Let me note from the outset that the subjects were British and that there is no disaggregation by race or other possibly significant cultural factors. The paper finds some common sense results like the fact that individual interactions with the teach skyrocket (exponentially):

interactions-with-teacher-b

Similar results are found for pupils being the focus of the teacher’s attention. (There’s a book about that!) Meanwhile, time on task rises more linearly:

time-on-task

When the data is disaggregated by student achievement level, there are some stunning results suggesting that it is the low and mid achieving students who need the teacher’s attention (as indicated by off task behavior) and the highest achieving that seem to just need the teacher to get out of their way. The irony is, of course, that the highest achieving students are often tracked into (or their parents pay their way into) exclusive programs and schools with smaller class sizes!

elementary: off-task-primary1

secondary: off-task-secondary

Similar graphs depict how likely it is that teachers spend time on negative behavior with students from each achievement level. (Curiously, the researchers do not report the aggregate correlation between class size and their “teacher deal with negative behaviour” coding.) That high and medium actually go down with larger class size might reflect that teachers simply opt to let higher achieving kids get away with more and focus on reigning in the lower achieving kids.

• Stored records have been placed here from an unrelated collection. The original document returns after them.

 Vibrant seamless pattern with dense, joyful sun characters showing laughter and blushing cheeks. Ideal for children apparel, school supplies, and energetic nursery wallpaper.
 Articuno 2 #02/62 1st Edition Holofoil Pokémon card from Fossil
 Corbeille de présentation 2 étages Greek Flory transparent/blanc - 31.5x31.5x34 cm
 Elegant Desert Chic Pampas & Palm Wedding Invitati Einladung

I describe this in the book as a process where in larger classes teachers tend to divide the class into allies and adversaries. The researchers write,

We feel that these results on on and off task behaviour are significant because they show that the problem of large classes, especially in older pupils, is particularly marked for the pupils who are already attaining at lower levels, and that it, in turn, is associated with teachers seeking to control this kind of behaviour. It is easy to see how these two kinds of behaviours can become self reinforcing, exacerbating each other and making the situation worse. In contrast, smaller classes seem to allow an environment in which low attainers are not only less off task but are less likely to receive corrective talk from their teachers. This appears to be a more productive educational environment. (23)

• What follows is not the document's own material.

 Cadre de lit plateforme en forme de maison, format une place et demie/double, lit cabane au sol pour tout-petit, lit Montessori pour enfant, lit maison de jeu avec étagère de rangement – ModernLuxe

And then there are results that are ambiguous in import. First, there is less student-to-student interaction as classes get smaller, whether its on or off task interaction. “It seems likely that with more pupils in the classroom there is less of the teacher’s individual attention available and this presumably means that pupils come to interact more with each other instead, in both acceptable and unacceptable ways” (23). My response to this would be that (a) we probably need to remind and train teachers to keep doing group work in small classes, and (b) we need to make sure not to glamorize peer cooperation that is out of balance with adult attention. (See chapter 4 of my book.)

Second, teachers appear to spend less time actually “teaching” the class in the traditional sense. According to the researchers, “in smaller classes pupils get more individual attention, while in larger classes they spend more time listening to the teacher talk to the whole class. They are perhaps getting more educational input, but this is at the expense of it being largely passive and as part of a large group” (22).

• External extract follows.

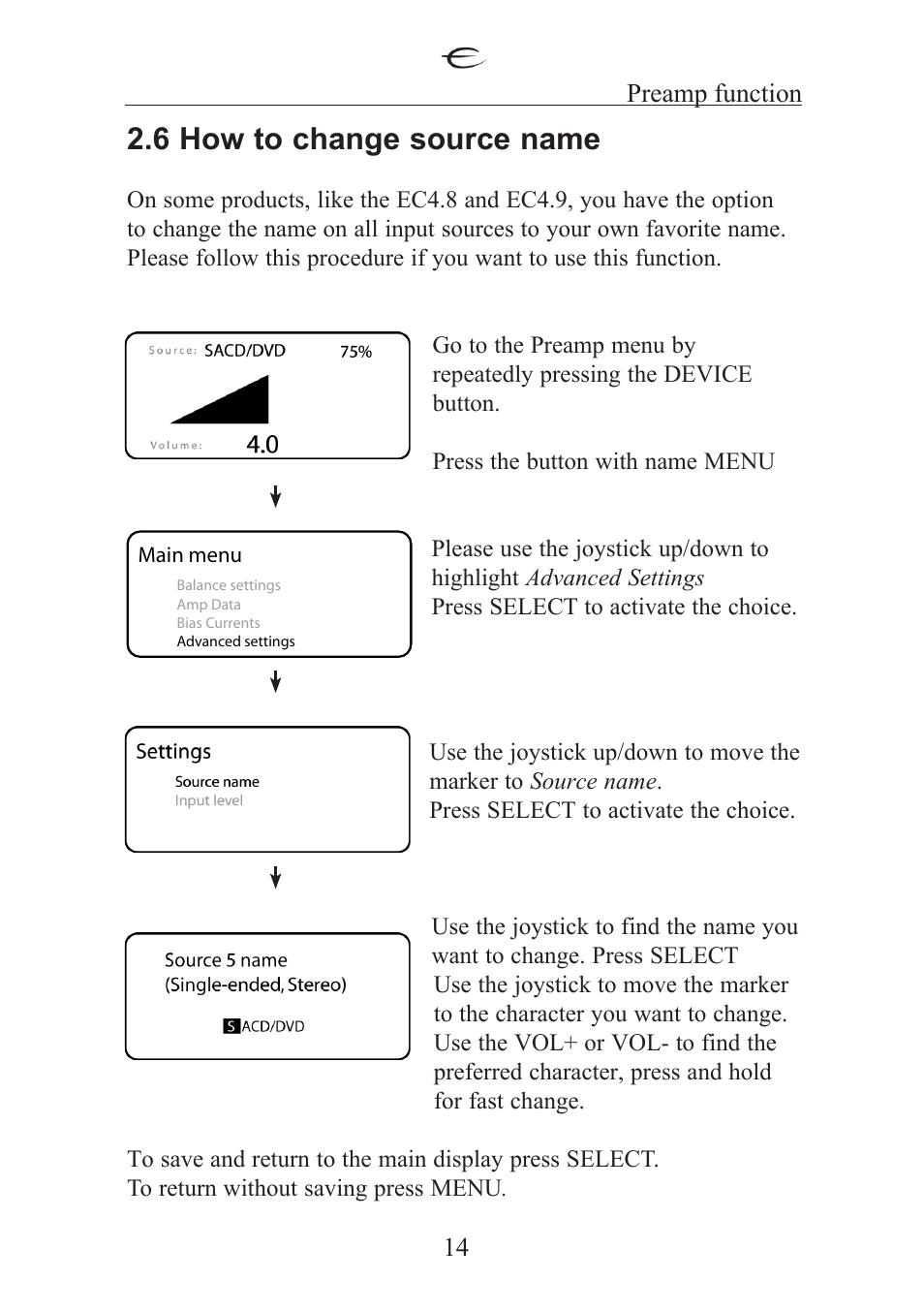 6 how to change source name | Electrocompaniet ECT 2 User Manual | Page 14 / 28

elementary: teacher-teach-elem

secondary: teacher-teach-secondary

This could perhaps explain why the test scores don’t skyrocket in the same way other indicators do. Perhaps teachers can accomplish the same amount more efficiently and don’t necessarily feel the need to make small classes learn more just because they could. The “more! better! faster!” discourses we have been bombarded with would say these teachers are being lazy, are squandering the opportunity to beat the [fill in competitors here]. I plan to focus my doctoral research around questioning this response. Why more? Why better? Why faster? Instead, I want to propose that more equal is the only real urgency. And Blatchford, Bassett and Brown’s research suggests that more equal (as opposed to better than)  is precisely the tendency inherent in class size reduction.